Synchronously waiting for the full response to arrive can be costly. If your application domain allows you to, you would ideally want to stream the tokens to the user as soon as they arrive, and spend the time in between doing useful work, rather than just waiting.
Streaming tokens
Allowing streaming is super simple. Instead of calling the .completed() method, just iterate
over the response object:
chat = Chat('./model.gguf')
response = chat.ask('How are you?')
for token in response:
print(token, end="", flush=True)
Still, bear in mind that for the individual tokens, you are waiting synchronously.
Async API
If you don't want to wait synchronously, swap out the Chat object for a ChatAsync.
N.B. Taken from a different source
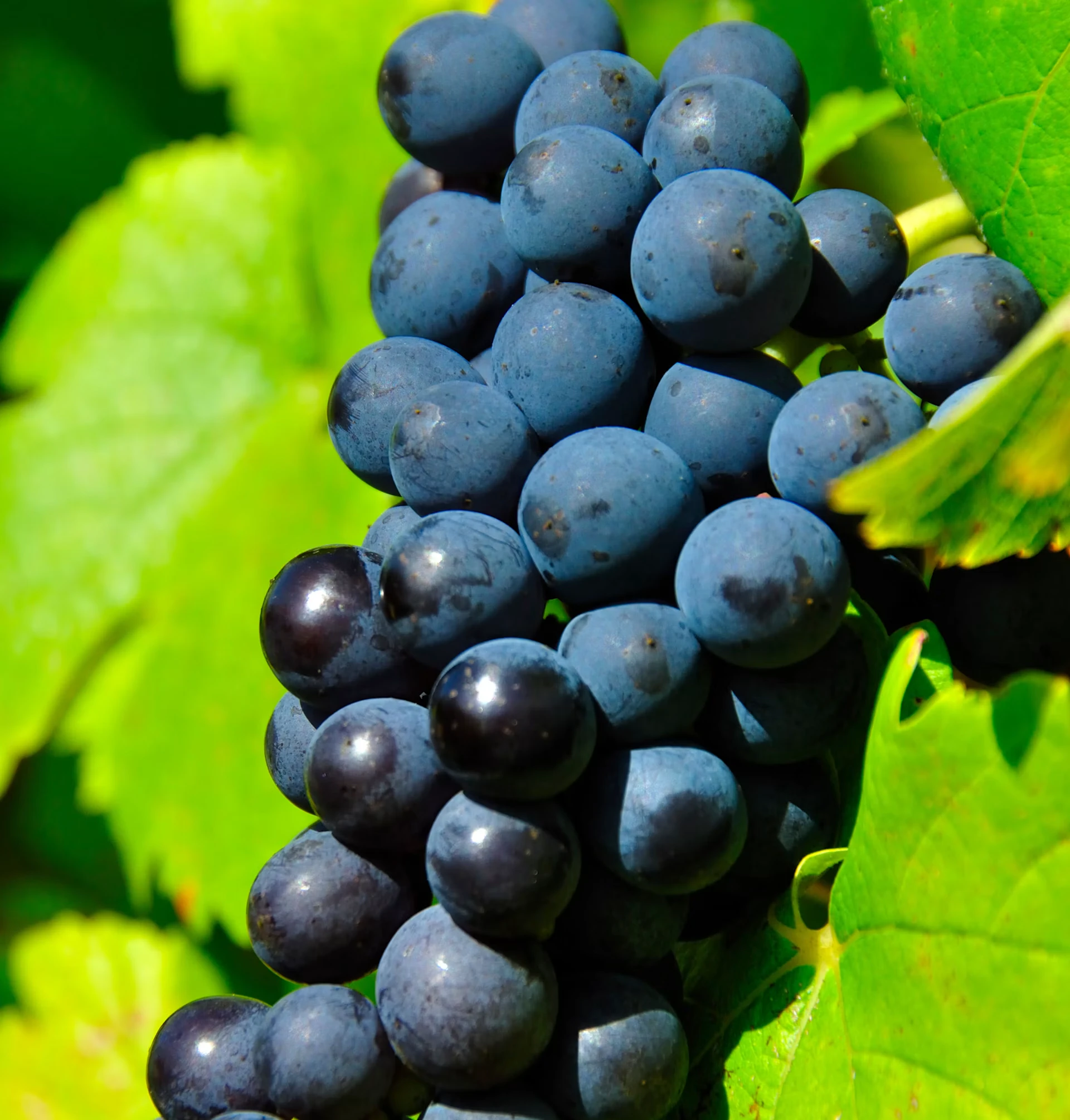 gamay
All of the API stays the same, so either you can opt for a full, completed message:
import asyncio
from nobodywho import ChatAsync
async def main():
chat = ChatAsync('./model.gguf')
response = await chat.ask('How are you?').completed()
print(response)
asyncio.run(main())
Or again stream tokens:
import asyncio
from nobodywho import ChatAsync
async def main():
chat = ChatAsync('./model.gguf')
response = chat.ask('How are you?')
async for token in response:
print(token, end="", flush=True)
asyncio.run(main())
Similarly, the other model types we support also implement async behaviour, so
you can go for EncoderAsync and CrossEncoderAsync, which are
both part of the embeddings & rag functionality.